Comparison of this method and Materialized Path
At the suggestion of the community, a test was conducted to compare the sampling rate from the base of this method and the Materialized Path method. And I have very impressive results. I generated ten 11110 trees with 11111 elements, 5 * 10 in size, that is 111110 elements in the database and made tests on them: I generated 20 random IDs and searched for the complete tree under them in the database. As a result, in all cases,
Full Hierarchy shows itself 5-8 times better than the Materialized Path (you can check it yourself, all the source codes of the tests are laid out):
pastebin.com/f65b2fb7d - functions that were used during testing.
pastebin.com/f793f7c74 - self testing and its result.
Structure of the `ElementsMP` base:
CREATE TABLE `ElementsMP` (
`ID` int (11) NOT NULL AUTO_INCREMENT,
` Data ` varchar (64) NOT NULL ,
` Path ` varchar (1000) CHARACTER SET latin1 COLLATE latin1_bin DEFAULT NULL ,
PRIMARY KEY (`ID`),
KEY ` Path ` (` Path `)
) ENGINE=MyISAM DEFAULT CHARSET=utf8;
* This source code was highlighted with Source Code Highlighter .

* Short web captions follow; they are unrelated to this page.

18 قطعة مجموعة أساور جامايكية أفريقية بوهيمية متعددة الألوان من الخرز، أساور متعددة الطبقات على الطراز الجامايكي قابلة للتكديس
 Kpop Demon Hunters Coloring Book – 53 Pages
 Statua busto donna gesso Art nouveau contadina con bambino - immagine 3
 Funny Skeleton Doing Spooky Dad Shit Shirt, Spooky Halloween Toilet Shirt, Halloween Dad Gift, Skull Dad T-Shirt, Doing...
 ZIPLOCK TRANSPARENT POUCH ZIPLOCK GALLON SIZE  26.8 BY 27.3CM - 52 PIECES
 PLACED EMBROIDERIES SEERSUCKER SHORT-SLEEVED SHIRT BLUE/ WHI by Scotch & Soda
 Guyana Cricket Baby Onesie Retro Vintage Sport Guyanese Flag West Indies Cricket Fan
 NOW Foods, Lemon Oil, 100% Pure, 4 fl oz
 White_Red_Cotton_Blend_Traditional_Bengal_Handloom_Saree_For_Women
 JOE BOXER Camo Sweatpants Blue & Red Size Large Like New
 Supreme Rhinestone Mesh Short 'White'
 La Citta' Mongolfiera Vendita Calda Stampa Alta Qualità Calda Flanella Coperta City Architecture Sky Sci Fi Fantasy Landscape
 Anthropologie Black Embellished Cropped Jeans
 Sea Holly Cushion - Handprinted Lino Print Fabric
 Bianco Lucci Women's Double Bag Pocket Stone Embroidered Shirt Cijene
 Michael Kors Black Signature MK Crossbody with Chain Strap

Moreover, the base does not allow the `Path` field to be longer than 1000 characters (# 1071 - Specified key was too long; max key length is 1000 bytes), which means that if we have an average ID length of 4 characters we will not be able to trees deeper than 1000 / (4 + 1), that is, the deepest possible tree in this case is 200 elements. and 166 with an average key length of 5 digits (if the site has more than 50,000 comments on average)
Total
Perhaps the code above has some flaws, but I am sure that all flaws will be easily corrected with time and experience. If many people like the way, then I think it will be possible to get together and write a library for more convenient work with it.
Acknowledgments
Thank you DkZ from FreeCR konfa for drawing the logo for the theme.
Thanks to Kostyan for pushing me on this idea.